The initial sign of weakness is a break and close below the 20-EMA. If that occurs, the pair could drop to the 50-SMA. The bears will need to sink the purchase price below this level to signal that the uptrend could have ended in the near term.

Related: What’s Chainlink VRF and so how exactly does it work?

QNT/USDT

Quant (QNT) made a solid recovery from its intraday low of $40 made on June 13. The bears tried to stall the up-move at $115 however the bulls aggressively purchased the dip below the 20-day EMA ($103) on July 26.

QNT/USDT daily chart. Source: TradingView

The bulls maintained their momentum and pushed the purchase price above the overhead resistance at $115 on Aug. 6. This indicated the resumption of the uptrend. The QNT/USDT pair could rally to the overhead resistance zone between $154 to $162 where in fact the bears may mount a solid defense.

Alternatively, if the purchase price turns down from the existing level, the bulls will try to flip the $115 level into support. If that occurs, the pair could resume its uptrend. The bears will need to sink and sustain the purchase price below the 20-day EMA to get top of the hand.

QNT/USDT 4-hour chart. Source: TradingView

The pair is within an uptrend however the RSI on the 4-hour chart jumped in to the overbought territory, indicating the chance of a near-term correction. The bulls are anticipated to get the dips to the 20-EMA. Should they do that, it’ll claim that the sentiment remains positive and traders are buying on dips. Which will increase the probability of the resumption of the uptrend.

On the other hand, if the purchase price turns down from the existing level and breaks below the 20-EMA, the pair could slide to the 50-SMA. That is a significant level to help keep a watch on just because a break below it might create a fall to $100.

MKR/USDT

Makers (MKR) recovery is facing stiff resistance near $1,100 but a confident sign is that the bulls haven’t allowed the purchase price to dip below the 20-day EMA ($1,044).
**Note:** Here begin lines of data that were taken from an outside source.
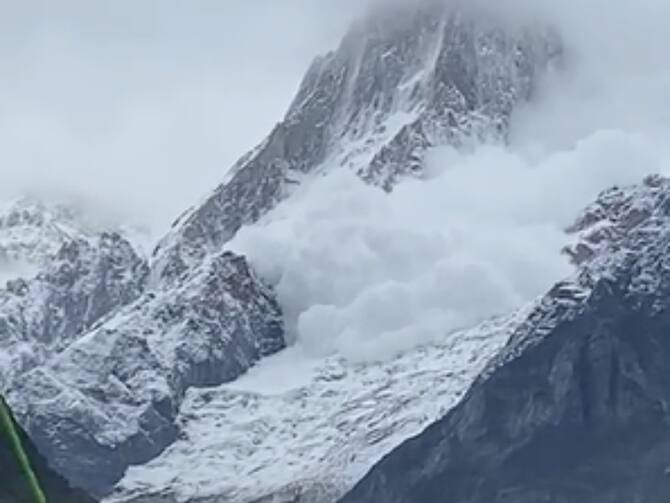 Uttarakhand Kedarnath Dham Video Of Avalanche Viral Environmentalists  Worried Of Global Warming ANN | Kedarnath Dham: केदारनाथ में भयानक एवलांच,  तेजी से नीचे आता दिखा बर्फ का गुब्बारा ...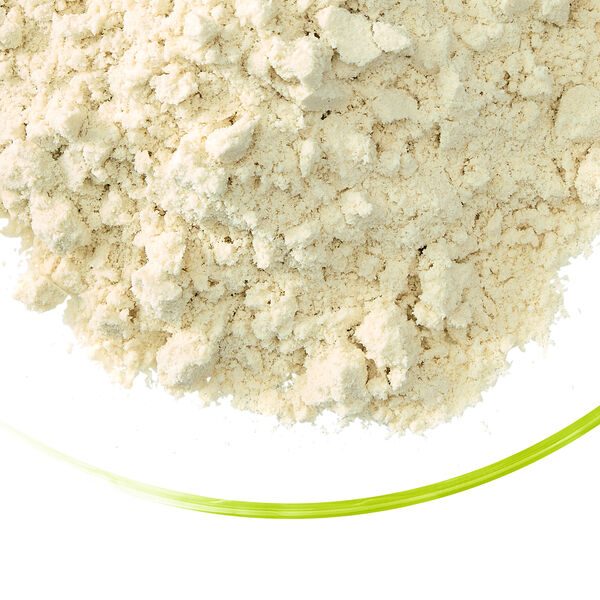 Vepro GEL 100 PC off-white protein powder in a glass dish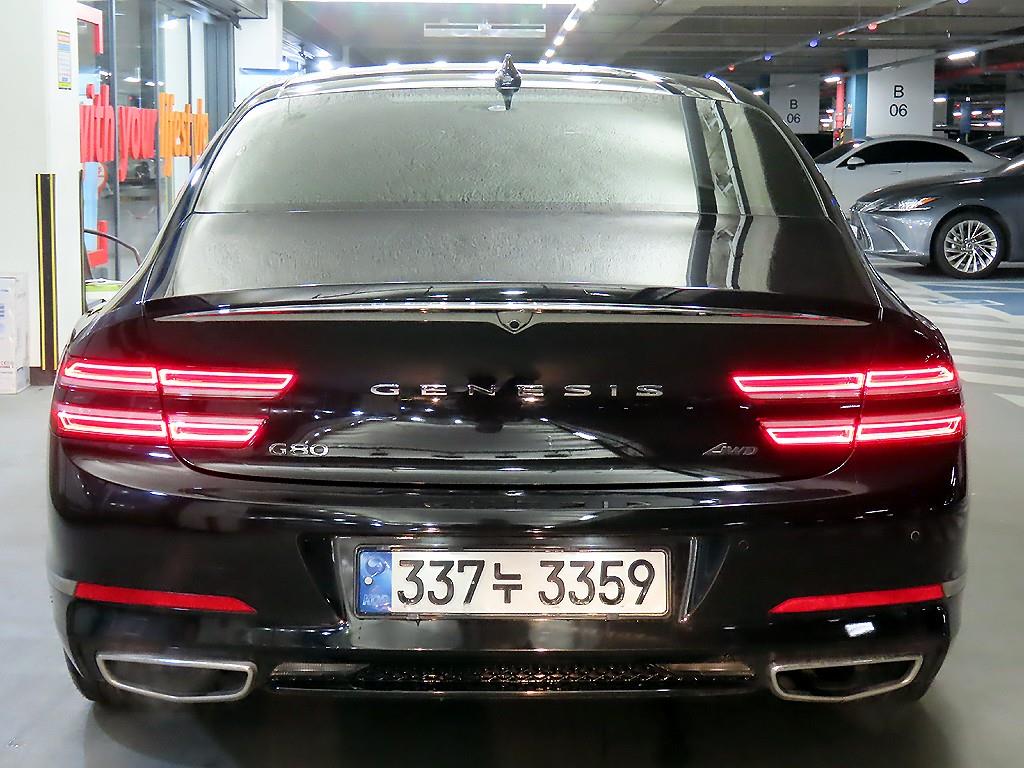 Genesis G80 - Vista 5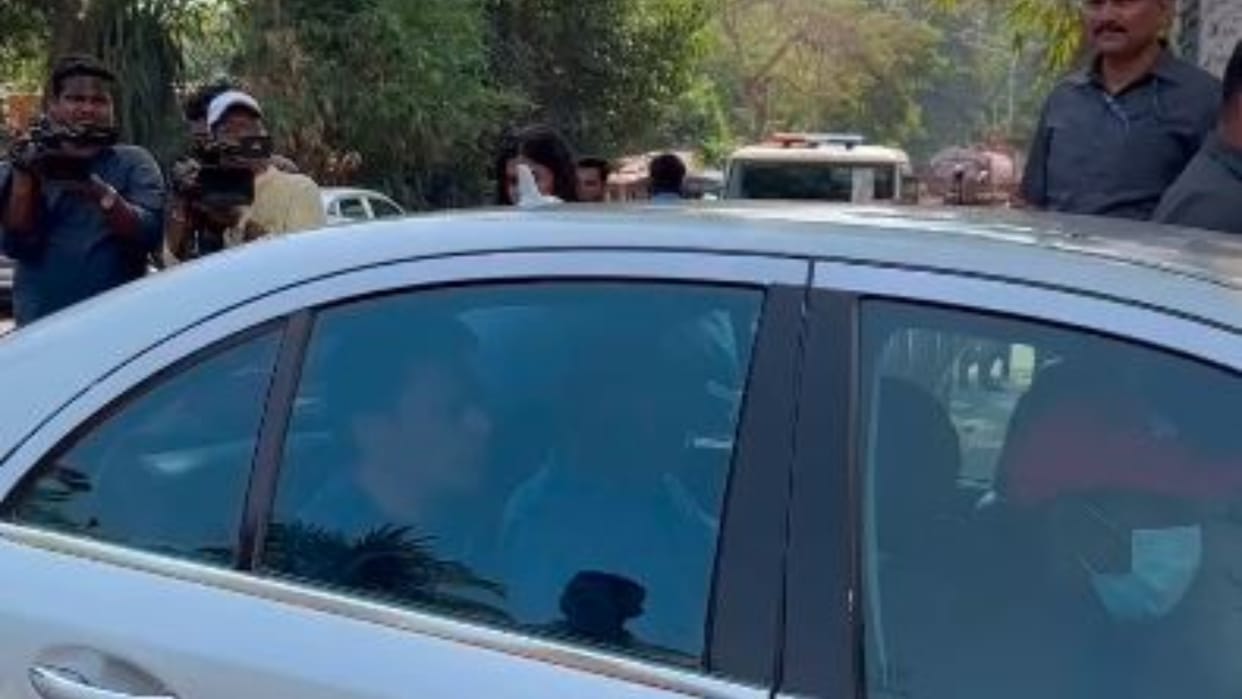 Salman Khan Firing Case latest update father Salim Khan seen in Bandra video went viral on internet
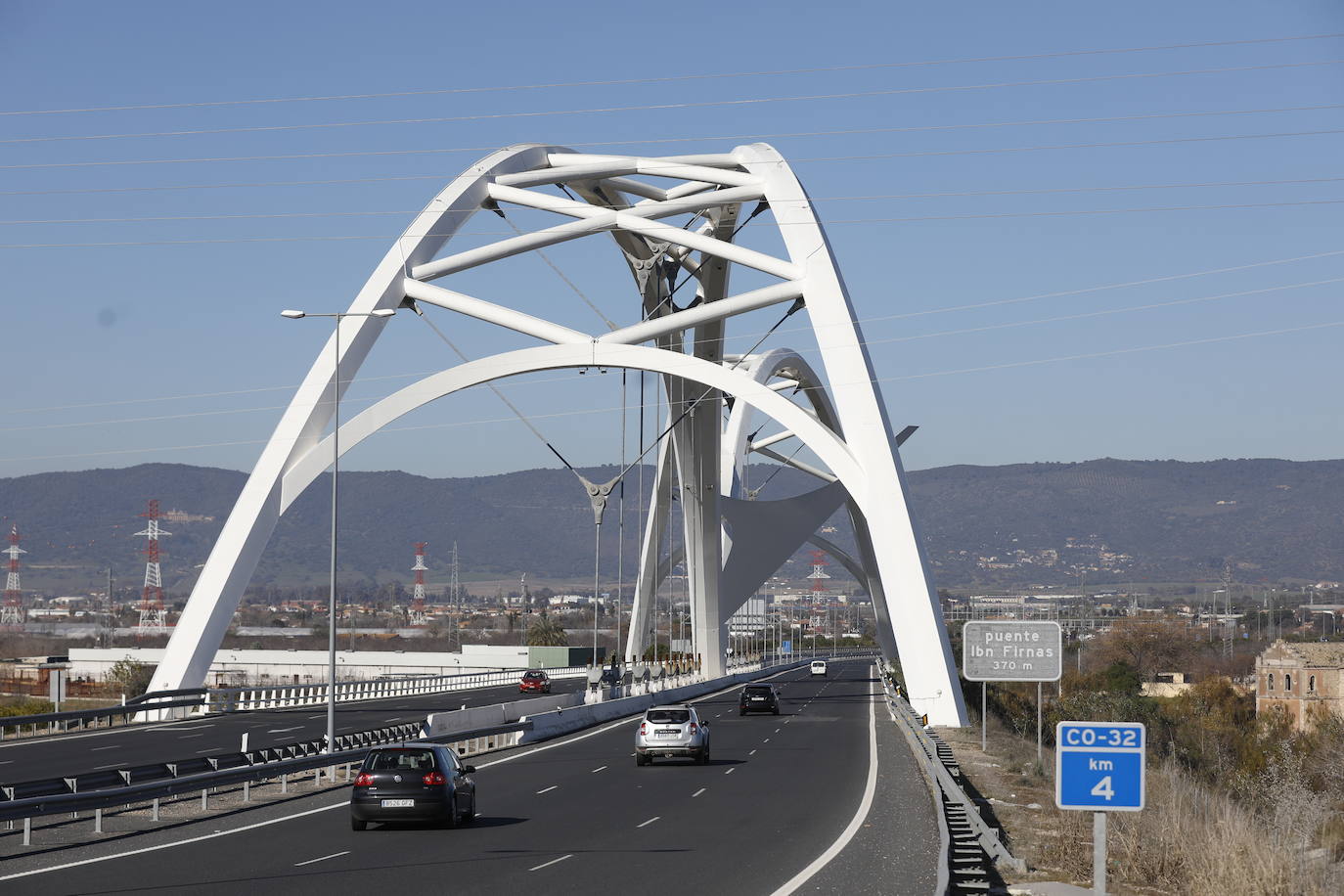 El esbelto aspecto del puente de Ibn Firnás de Córdoba que cumple 10 años, en imágenes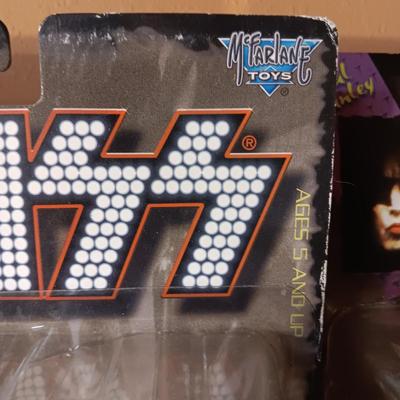 1997 KISS ACTION FIGURES GENE SIMMONS & PAUL STANLEY SEALED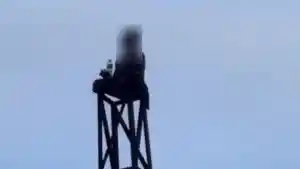Video-Viral-Pria-Panjat-Tower-Tua-Milik-Diskominfo-Muna-Setinggi-70-Meter-Duduk-Santai-di-Puncak.jpg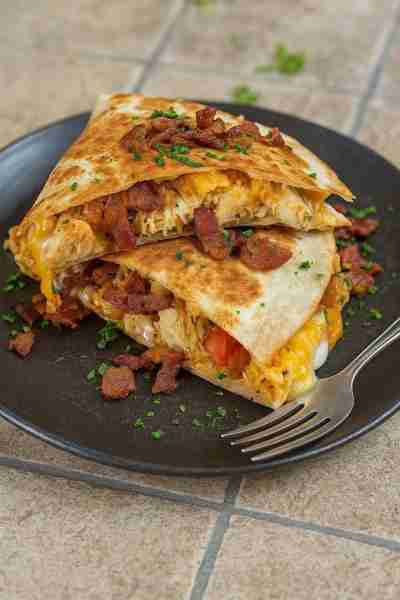 Chicken Bacon Ranch Quesadilla This deesviral recipe is crispy, cheesy, and packed with flavor. Juic...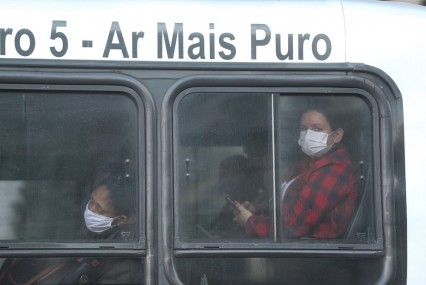 Brasil suma 610 muertes por coronavirus en un d&iacute;a y total llega a 9 mil 146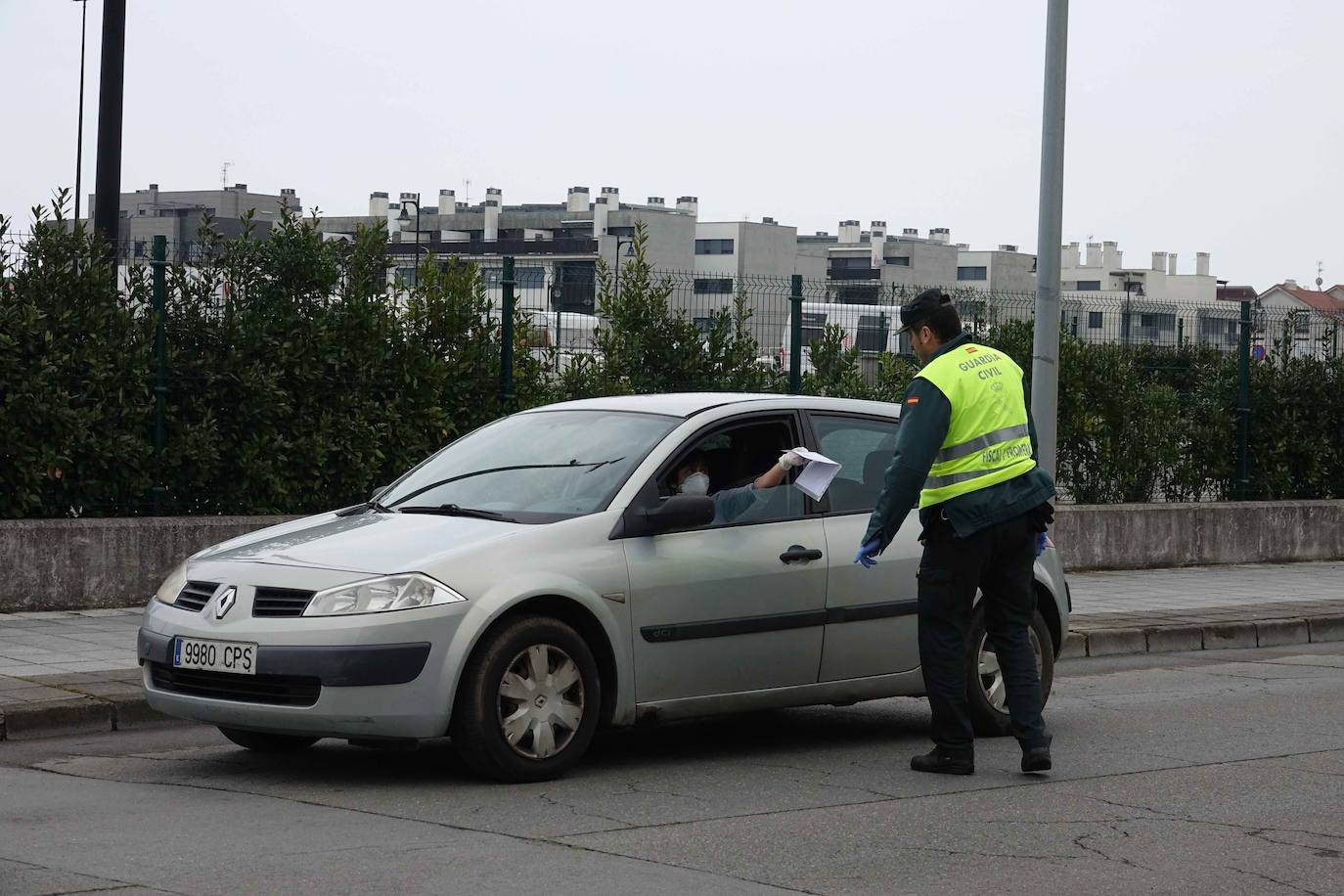 Las limitaciones en los desplazamientos durante el estado de alarma por el coronavirus son claras: solo se permite romper el confinamiento en las casas si hay una razón justificada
MKR/USDT daily chart. Source: TradingView

The moving averages are sloping up and the RSI is in the positive territory, indicating that buyers have top of the hand.

If bulls push and sustain the purchase price above the overhead resistance zone between $1,100 and $1,188, the MKR/USDT pair could rally to $1,400 and to the pattern target of $1,570. This type of move will claim that the pair could have bottomed out.

Unlike this assumption, if the purchase price turns down from the overhead resistance and breaks below the 20-day EMA, the pair could slide to the trendline. A rest and close below this level will invalidate the bullish setup.

MKR/USDT 4-hour chart. Source: TradingView

The pair has formed a symmetrical triangle on the 4-hour chart. The 20-EMA is sloping up gradually and the RSI is in the positive zone, indicating hook advantage to the bulls.

If buyers drive the purchase price above the resistance line, the pair could rally to the overhead resistance at $1,188. A rest and close above this level could indicate the resumption of the uptrend.

Conversely, a rest below the support type of the triangle could tilt the benefit and only the sellers. The pair could then decline to the psychological level at $1,000.

The views and opinions expressed listed below are solely those of the writer , nor necessarily reflect the views of Cointelegraph.com. Every investment and trading move involves risk, you need to conduct your personal research when coming up with a choice.